What gives this grilled Greek chicken its voraciously vibrant flavor is a lemon marinade full of garlic, parsley, oregano, rosemary, thyme, and basil. It brings a Mediterranean mojo to a simple summer supper.
This grilled Greek chicken recipe relies on gobs of fresh herbs and a squeeze of vibrant lemon for authenticity and superlativeness. Everyday chicken turns into something truly Mediterranean with an effusive Greek accent. Originally published July 10, 2011.–Renee Schettler Rossi
How To Butterfly A Chicken
The foolproofness of this recipe lies not just in its perky marinade but in a technique known as butterflying. It basically means taking the backbone out, which enables you to flatten the bird which, in turn, ensures it cooks far more evenly on the grill than if it was in it usual form. The name “butterflying” presumably comes from the resemblance of the spread-out hen to a butterfly (well, maybe a little, after a few beers). You’ll also hear this technique referred to as “spatchcocking,” though we won’t delve into the etymology of this term (although we will divulge that we quite like to say it!). Whatever you call this nifty trick, after you try it once, you’re going to want to do it again. And again. And again. A pair of sturdy kitchen shears will make much quicker work of the task for the spatchcock-obsessed than even your trustiest chef’s knife, though the latter comes in handy after you pull the chicken from the grill and need to divvy up the chicken parts.
Grilled Greek Chicken
- Quick Glance
- 15 M
- 55 M
- Serves 4 to 6
- One (3 to 4 pound) whole chicken, neck and giblets removed
- Kosher salt and freshly ground pepper
- Greek Marinade
- Oil for the grill rack
- 1. Place the bird, breast side down, on a cutting board. Using kitchen shears or a large knife, cut along one side of the backbone from tail to neck. Pull open the bird, then cut along the other side of the backbone and discard the backbone or save it for stock. Turn the chicken breast side up and open it as flat as possible, as you would a book. Press down firmly on the breast to break the breastbone—you will hear and feel popping—and flatten the chicken.
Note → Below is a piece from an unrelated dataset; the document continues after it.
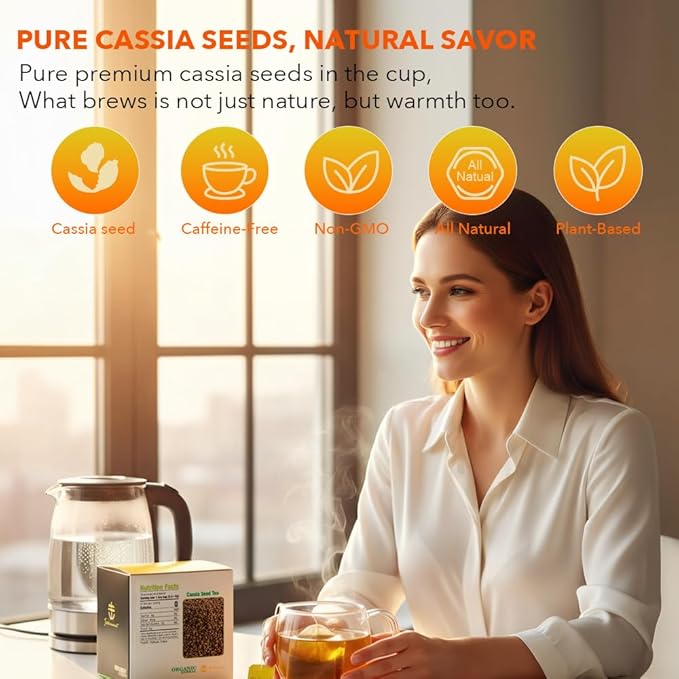 Soilmount - Cassia Seed Tea - |Senna Seeds|jue ming zi|决明子| - Pure Herbal Tea - Natural, Organic, Non-GMO, Clean Ingredients, Caffeine Free (18 Tea Bags, Box 1)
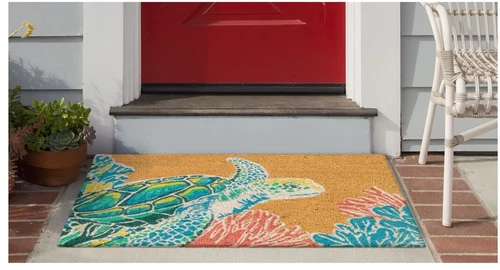 Liora Manne Frontporch Beach Trip Indoor/Outdoor Rug Sea Turtle Ocean 24"X36" - Picture 2 of 5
- 2. Season the chicken generously on both sides with salt and pepper. Place the chicken in a large resealable plastic bag so that it lies flat or place it in a baking dish or other large container. Add the marinade and seal the bag, squishing the marinade around the chicken or turning the chicken to coat. Refrigerate for at least 24 hours and up to 48 hours—the longer the more flavorful. Be sure to turn the bag or chicken several times during marinating.
- 3. At least 30 minutes before you’re ready to grill, remove the chicken from the refrigerator. Drain and discard the marinade. Pat the chicken dry.
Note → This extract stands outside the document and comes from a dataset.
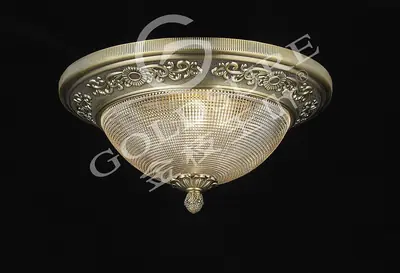 Đèn ốp trần cổ điển nhôm màu vàng cổ ánh xanh mờ, Ø36 cm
- 4. Prepare a charcoal or gas grill for indirect grilling over medium heat. If using charcoal, pile the lit coals on one side of the grill and place a drip pan in the area without coals. If using gas, preheat the burners, then turn off 1 or more of the burners to create a cooler zone. The temperature inside the grill should be 350º to 375ºF (180º to 190ºC). Brush and oil the grill grate.
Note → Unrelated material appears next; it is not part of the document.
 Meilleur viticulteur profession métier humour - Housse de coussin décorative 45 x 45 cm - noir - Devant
- 5. Place the chicken, skin side down, over direct heat. Cook for 12 to 15 minutes. Turn and continue cooking until an instant-read thermometer inserted into the thickest part of a thigh registers 170ºF (77ºC) or the juices run clear when a thigh joint is pierced with the tip of a sharp knife, usually 15 to 25 minutes more, depending on the size of your chicken. If at any point the chicken begins to burn, move the chicken to the indirect heat area of the grill and give it a few extra minutes.
- 6. Transfer the grilled chicken to a cutting board, tent it loosely with aluminum foil, and let it rest for 10 minutes. Cut the chicken into serving pieces and serve at once.